# Plane crash in the river



## sunny91 (Feb 14, 2008)

Stunt going wrong...

Sunny


----------



## Wayne Little (Feb 15, 2008)

OOPs! was the pilot ok?


----------



## sunny91 (Feb 15, 2008)

I don't know, no information..

Sunny


----------



## ccheese (Feb 15, 2008)

There is a flag, or something, in the way, so you don't see the initial impact.
Probably snagged a wing tip..

Good vid, Sunny...

Charles


----------



## FLYBOYJ (Feb 15, 2008)

Low level aerobatics outside an airport environment - not good!


----------



## sunny91 (Feb 15, 2008)

I have found this maybe it is this crash..

Stunt plane crash

With his wife and three children among the thousands watching in horror, and with KDKA-TV's cameras rolling, a stunt pilot performing at the Three Rivers Regatta on Aug. 4, 1996, lost control of his biplane and plunged nose-first into the Ohio River by the Carnegie Science Center.
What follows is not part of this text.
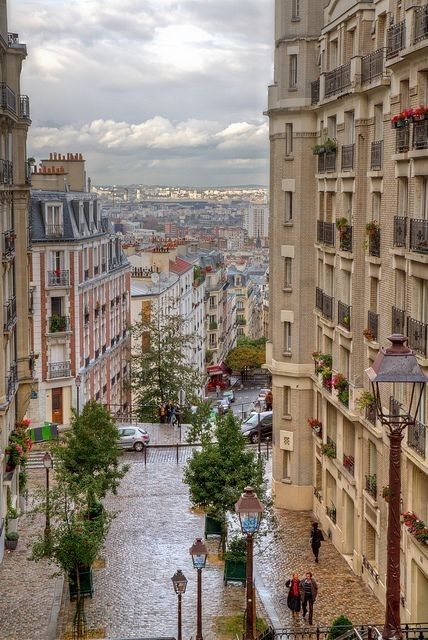 Magic Places, Montmartre Paris, Paris Photo, City Street, Pretty Places, France Travel, Places Around The World, Wonderful Places, Vacation Spots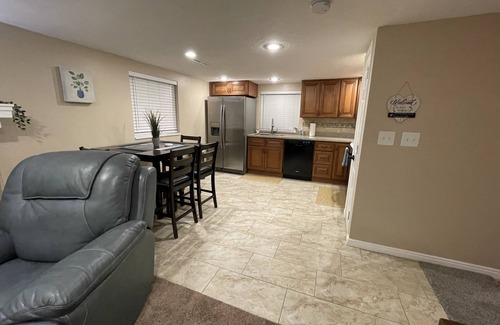 Murray House | Updated-Central-Basement Suite-Private Entrance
The body of the pilot, Clancy Speal, 43, of New Alexandria, Westmoreland County, was recovered two days later. He had flown more than 1,200 hours at air shows.

Cracks at the base of one of the plane’s wings were thought to have contributed to the crash. 


Sunny.


----------



## Matt308 (Feb 15, 2008)

Hmm... a catastrophic airframe failure. Wouldn't have guessed that one. I'm a bit dubious.


----------



## sunny91 (Feb 16, 2008)

I think i have the good one..
It is in kärnten the 07 july 2006.


Sunny


----------



## johnbr (Feb 16, 2008)

He was a Little to low.


----------



## racerguy00 (Aug 25, 2008)

Same type of aircraft but not Speal's crash. I was there when that one happened. The wings on the plane folded up at few hundred feet of altitude and it went straight into the water like a dart.


----------



## lesofprimus (Aug 25, 2008)

Ouch is all I can say......


----------



## timshatz (Aug 25, 2008)

Same crash, two different versions. Definitely not the three rivers crash. Looked like a Pitts.


----------



## Gnomey (Aug 25, 2008)

lesofprimus said:


> Ouch is all I can say......



Ouch about sums that one up. Certainly was going to hurt a lot.


----------



## 109ROAMING (Aug 26, 2008)

Thanks Sunny for the vids


----------